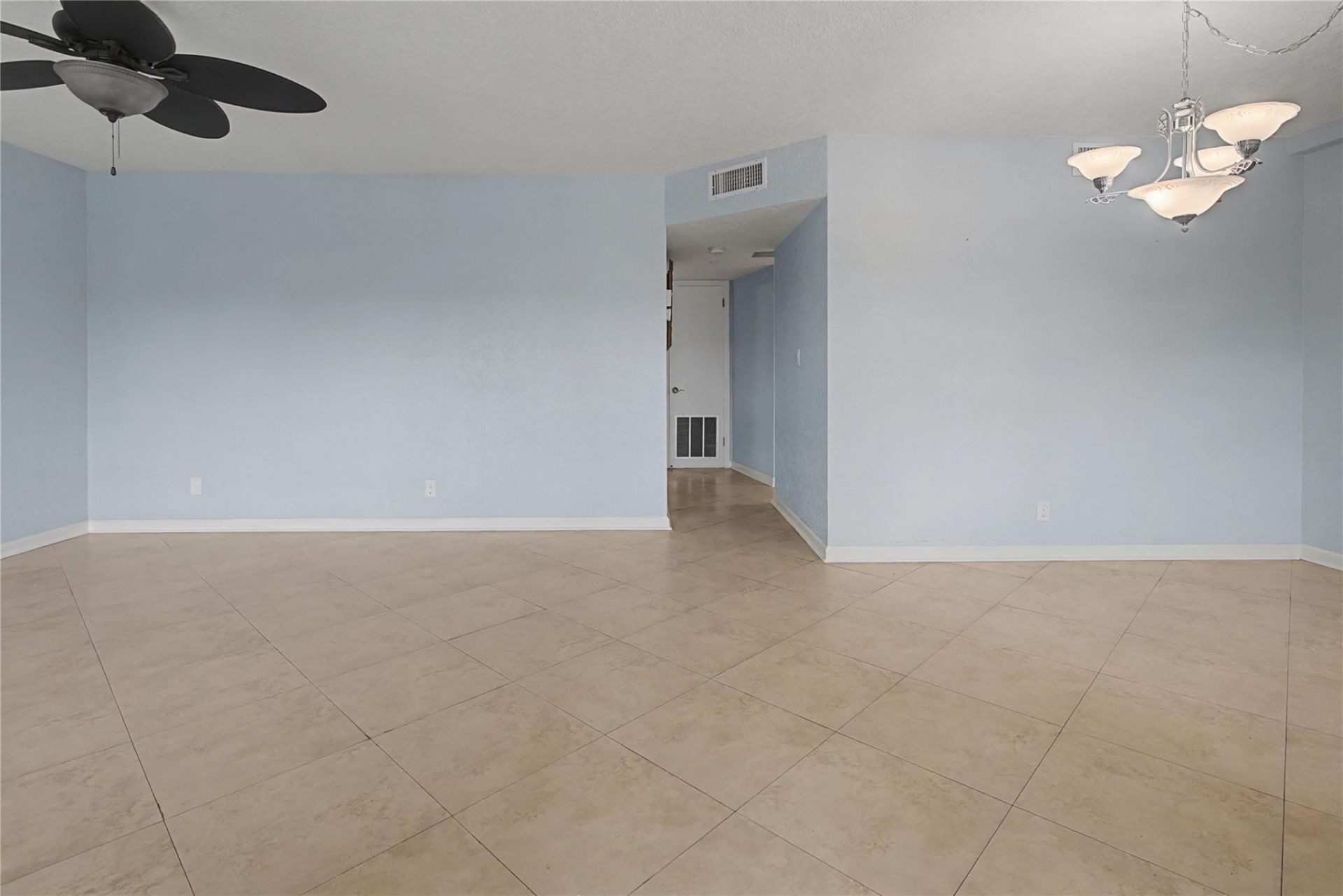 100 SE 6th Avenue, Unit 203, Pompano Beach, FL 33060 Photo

==

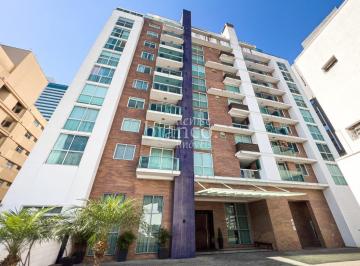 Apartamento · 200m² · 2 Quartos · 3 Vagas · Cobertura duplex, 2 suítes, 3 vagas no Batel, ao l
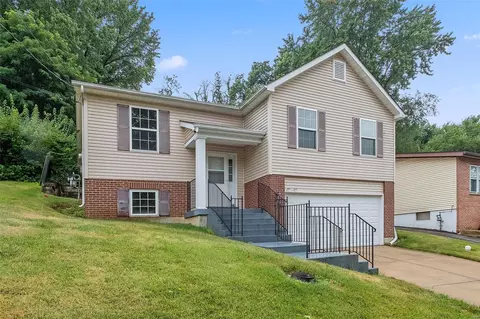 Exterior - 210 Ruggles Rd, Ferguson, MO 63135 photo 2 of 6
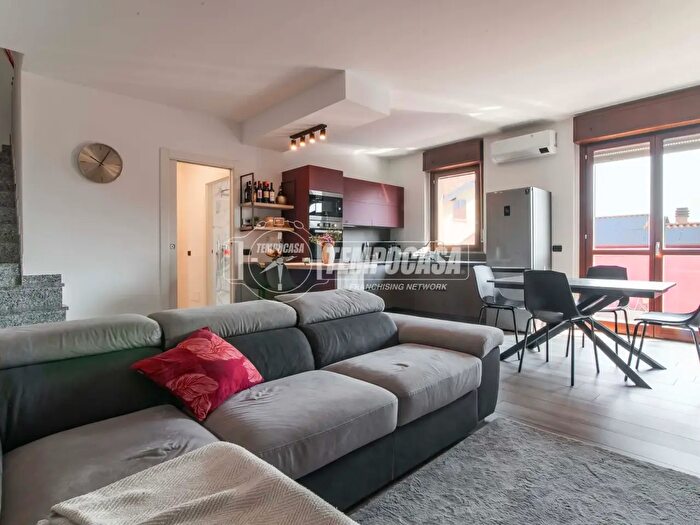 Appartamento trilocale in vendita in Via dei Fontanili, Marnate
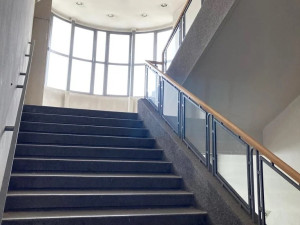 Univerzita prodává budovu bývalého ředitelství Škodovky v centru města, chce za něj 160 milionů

...

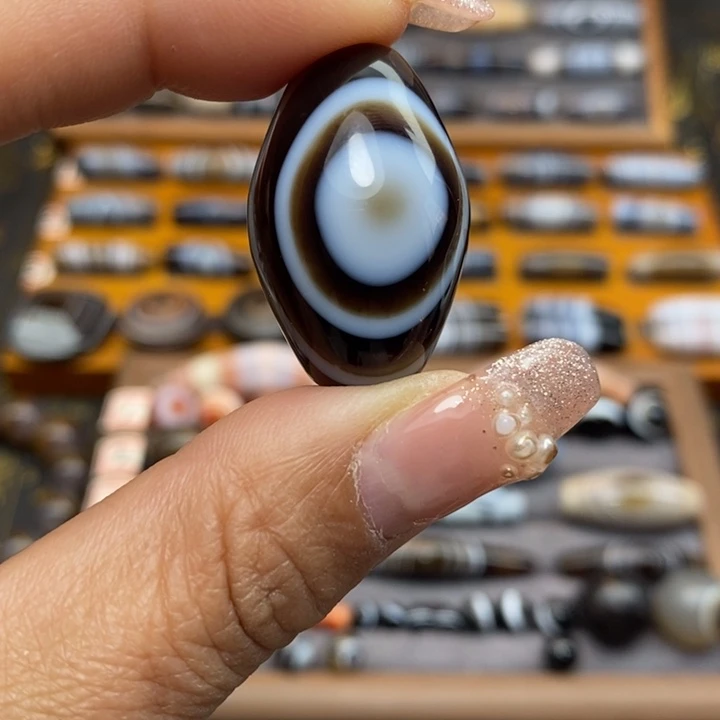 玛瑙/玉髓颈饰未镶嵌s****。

### TASK TO CARRY OUT
Copy only the lines above from the one containing "Exterior - 210" through the one containing "Univerzita prodává budovu", both included. Leave out the pictures.

### WRITTEN RESPONSE
 Exterior - 210 Ruggles Rd, Ferguson, MO 63135 photo 2 of 6
 Appartamento trilocale in vendita in Via dei Fontanili, Marnate
 Univerzita prodává budovu bývalého ředitelství Škodovky v centru města, chce za něj 160 milionů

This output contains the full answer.